Wenn du viel mit der Bahn reist, kannst du auch viel erleben. Und immer, wenn du denkst, du hättest schon alles erlebt, gibt es neue, erstaunliche Situationen.
Bahnansage, das Gleis wird verändert. Hunderte Menschen schleppen ihre Koffer eilig ans neue Gleis. Dort angekommen, April, April, es bleibt doch beim alten Gleis. Hektisch und murrend ziehen Hunderte von Menschen wieder zurück auf Los.
Umgekehrte Zug-Reihung ist fast schon ein Schwierigkeitsgrad für Anfänger, denn es passiert sehr oft. Das heißt dein gebuchter Sitzplatz ist nicht da, wo er versprochen wurde, sondern du musst ihn suchen. Meistens am genau anderen Ende.

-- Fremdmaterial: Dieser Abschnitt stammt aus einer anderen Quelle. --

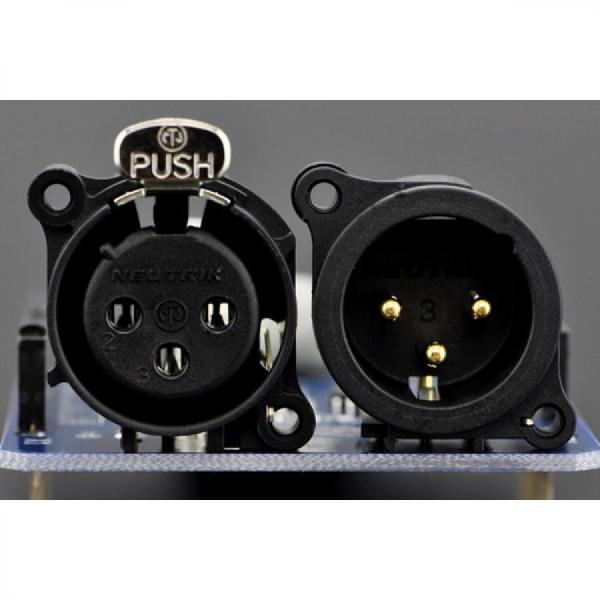 디바이스마트,오픈소스/코딩교육 > 아두이노 > 아두이노 호환쉴드,DFROBOT,Arduino Leonardo용 DMX 쉴드 [DFR0260],NEUTRIK XLR 3핀 커넥터 / 원격 장치 관리 / DMX512 네트워크에 연결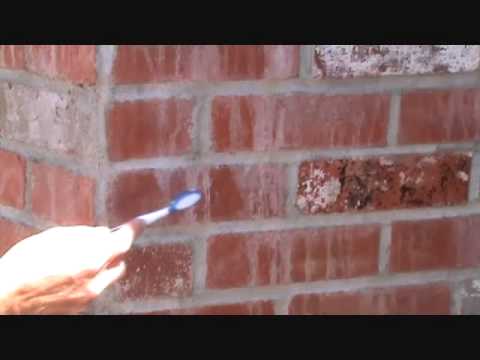 How to clean concrete film from brick wall How to clean concrete film from brick wall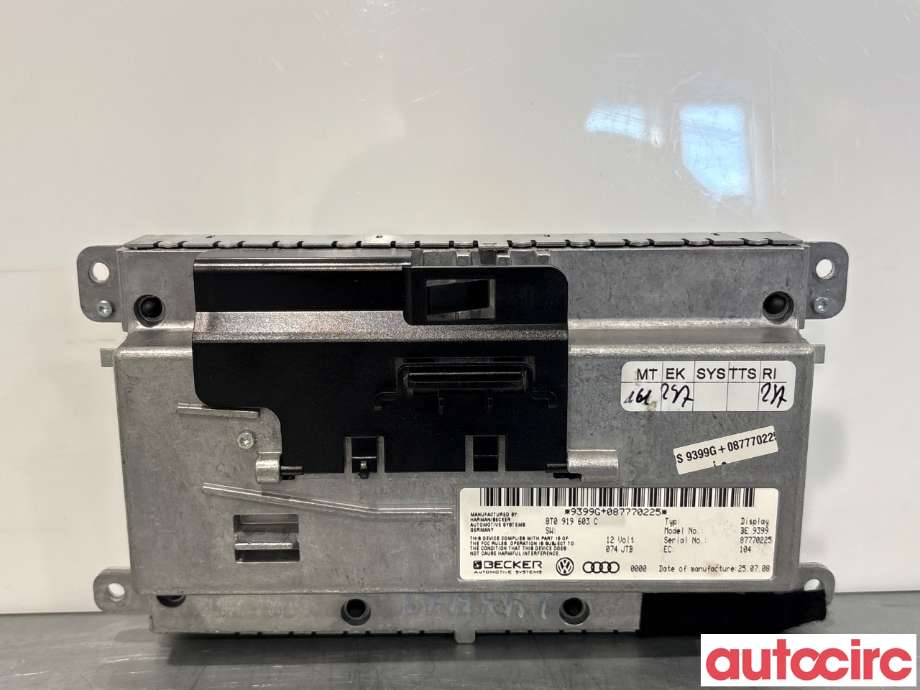 Instrument kjørecomputer til Audi A6, Allroad 2008-2011 (Type II, Fase 2) (C6) (C6) (AUDI|8T0919603C|BE9399)
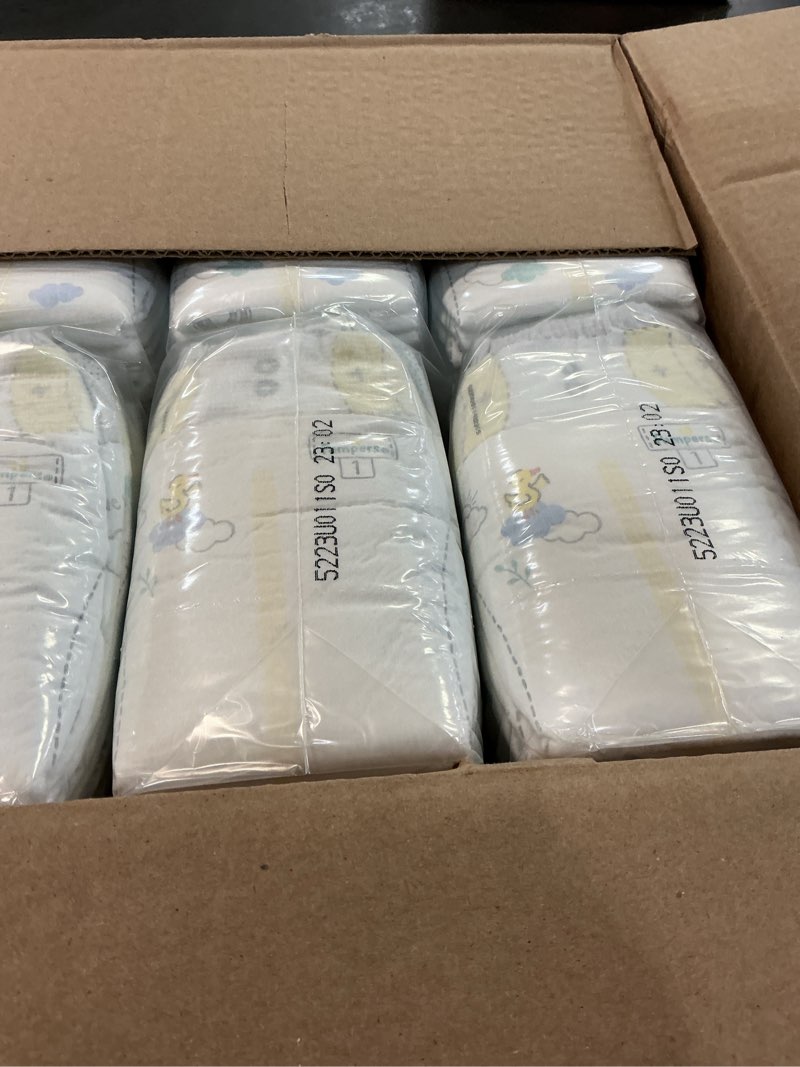 Condition photo showing Good Condition for Pampers Swaddlers Diapers, Size 1 (8-14 lbs), 198 Count, Absorbent, Keeps Baby Dry and Comfortable, Skin Safe Disposable Baby Diaper (Packaging May Vary)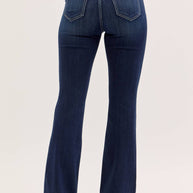 High-Rise Dark Flare Jegging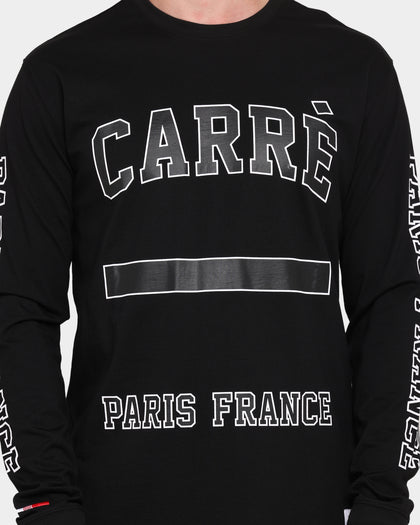 Carré CDG Classique Long Sleeve T-Shirt Black
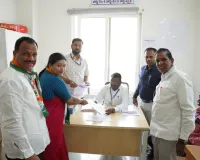 నామినేషన్ వేసిన పల్లెర్ల జ్యోతి గుప్తా.......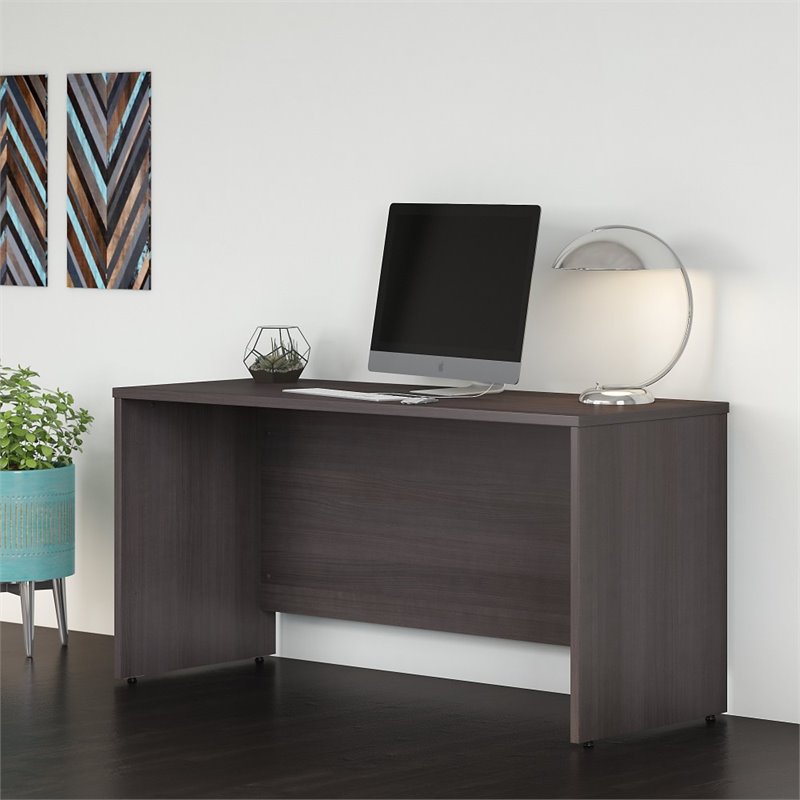 Pemberly Row 60W x 24D Credenza Desk in Storm Gray - Engineered Wood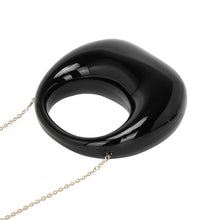 Load image into Gallery viewer, Handbag Black Crescent Moon Evening Bag Women
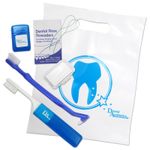Fixed Braces Starter Kit; Orthodontic Toothbrushes, Wax, Dental Floss Threaders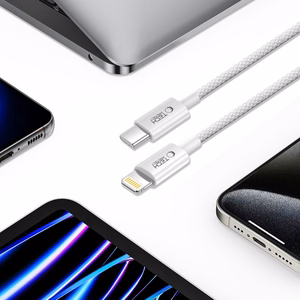 Tech-Protect UltraBoost USB-C / Lightning PD27W/3A laidas 100 cm - pilkas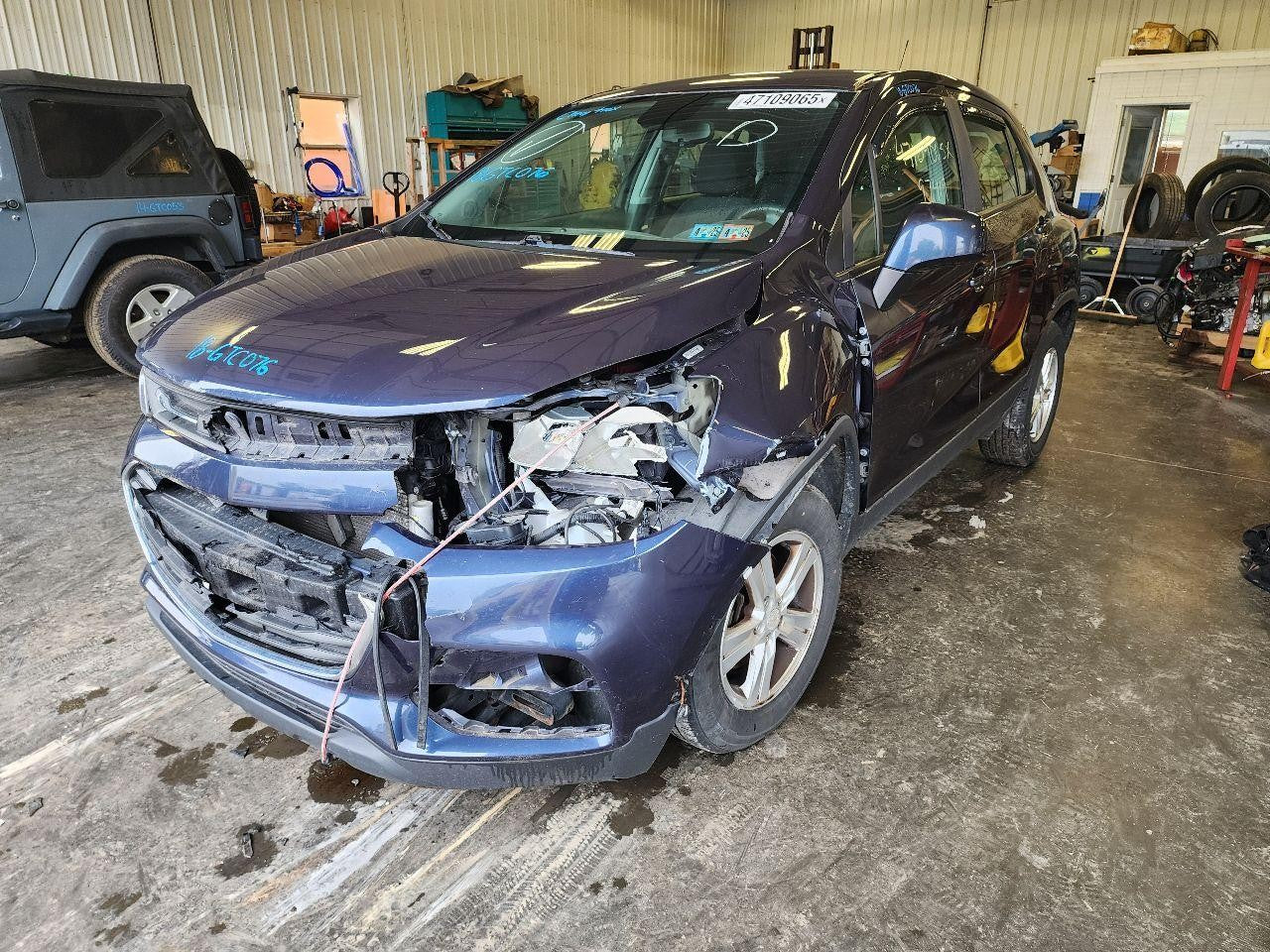 Used Left Tail Light Assembly fits: 2018 Chevrolet Trax Left Grade A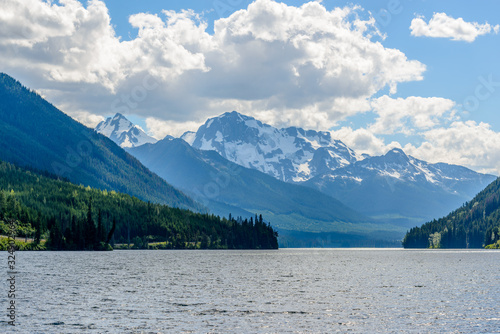 Majestic mountain lake in Canada. Seton Lake. Lillooet, Whistler, Vancouver area.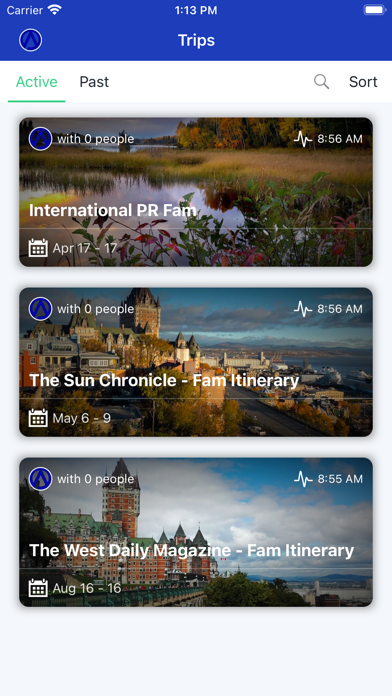 Fam Tour Quebec Screenshot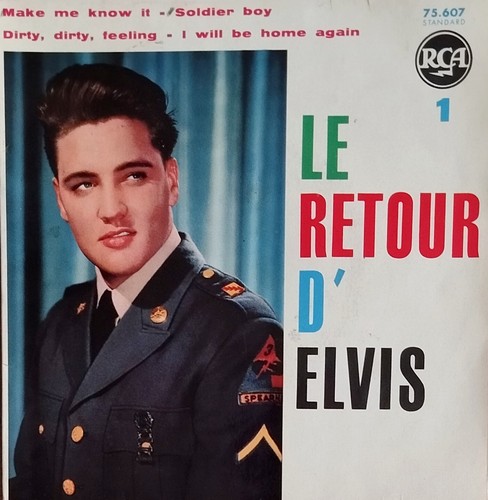 Elvis presley le retour - elvis,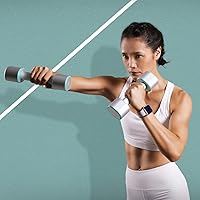 Vista 6 de MOBIFITNESS Dumbbells Set of 2, Muscle Training Dumbbell for Home Gym Equipment Workouts Strength, Weights for Women, Men, Multiple Weight Options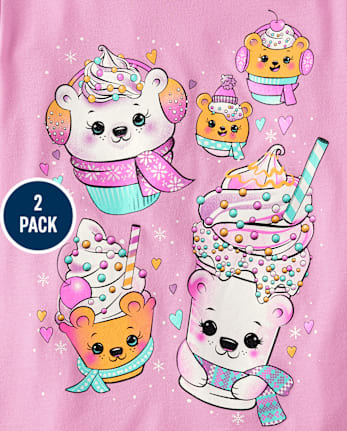 Girls Dessert Graphic Tee 2-Pack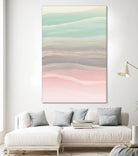 Pastel Watercolor Waves Abstract #1 #painting #decor #art by Anita & Bella Jantz on GIANT ART - pink digital painting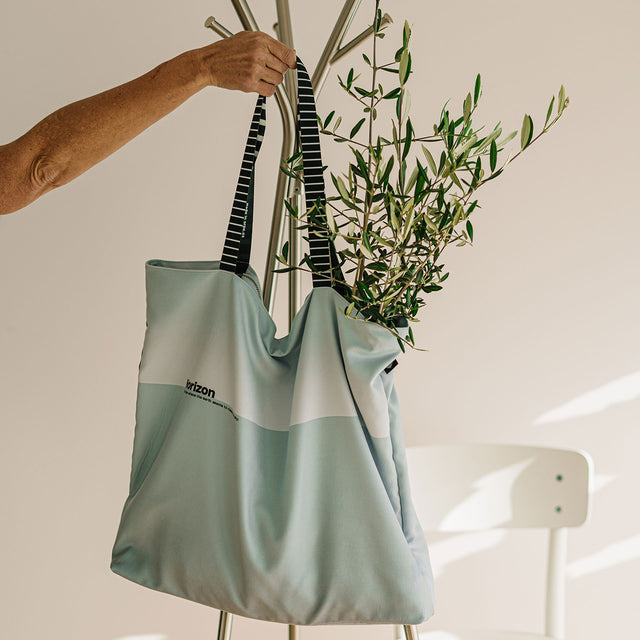 Sustainable Tote cloth Bag - Tote bolsa sostenible de tela - Horizon soft silver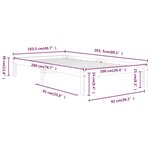 vidaXL Cadre de lit sans matelas blanc bois de pin massif 100x200 cm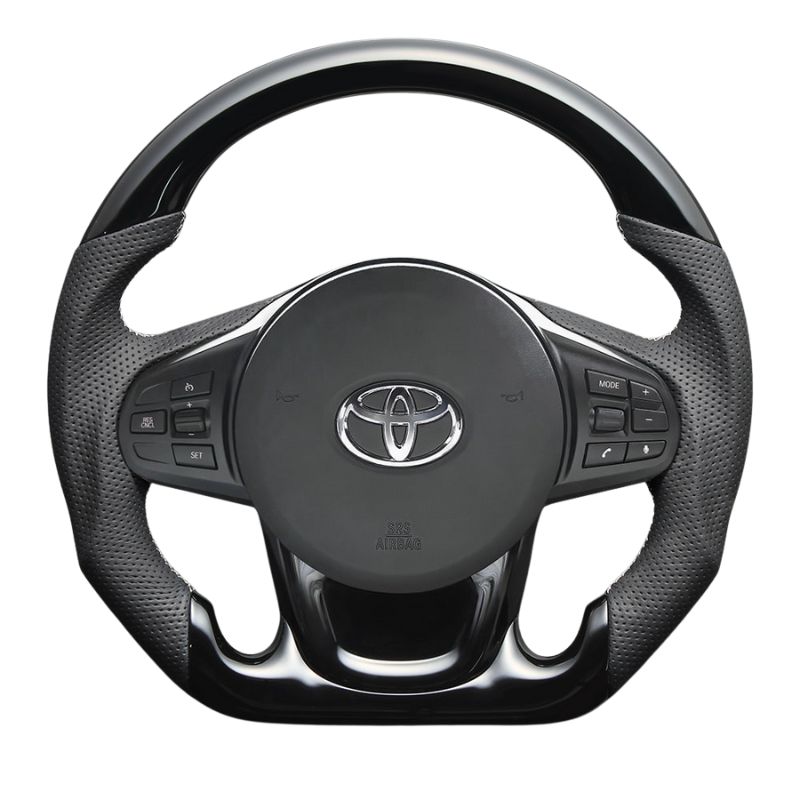 高品質の証ユーロステッチ採用 ピアノブラックxシルバーステッチ 純正交換ガングリップステアリング スープラ DB系 R1|5-R8|4 LS246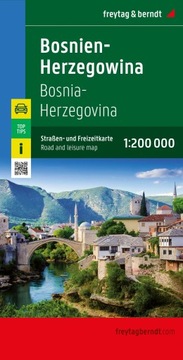 BOŚNIA I HERCEGOWNIA mapa FREYTAG & BERNDT 2023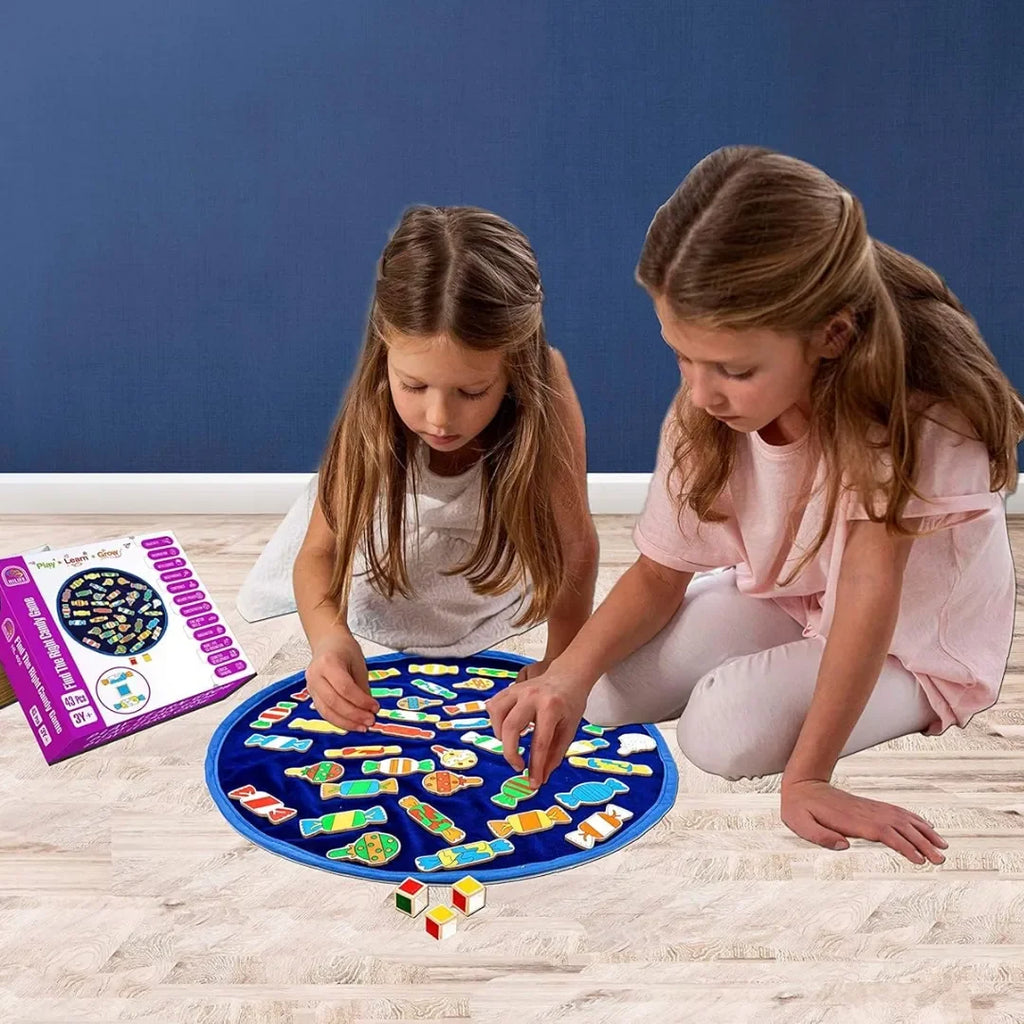 HILIFE Find The Right Candy Game | Fun Indoor Matching Game for Kids 3 Years & Above | Boosts Reflexes, Memory & Concentration - Naivri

Besonders spaßig wird es, wenn ein ganzer Waggon ausfällt, und zwar genau dort, wo du deinen Sitzplatz gehabt hättest. Pech. Heul doch!
Fast schon perfide dagegen ist, wenn dir die Bahn-App mitteilt, dass dein Zug 20 Minuten später abfährt, es dann aber doch pünktlich tut, nur eben ohne dich.
Neulich, auf dem Weg nach Dortmund, hat sich der Zug doch tatsächlich verfahren. Wir mussten dann eine andere Strecke nehmen und ein bestimmter Halt entfiel. Das hatte ich auch noch nie.
Dies nur eine kleine Auswahl an möglichen Bahn-Ereignissen.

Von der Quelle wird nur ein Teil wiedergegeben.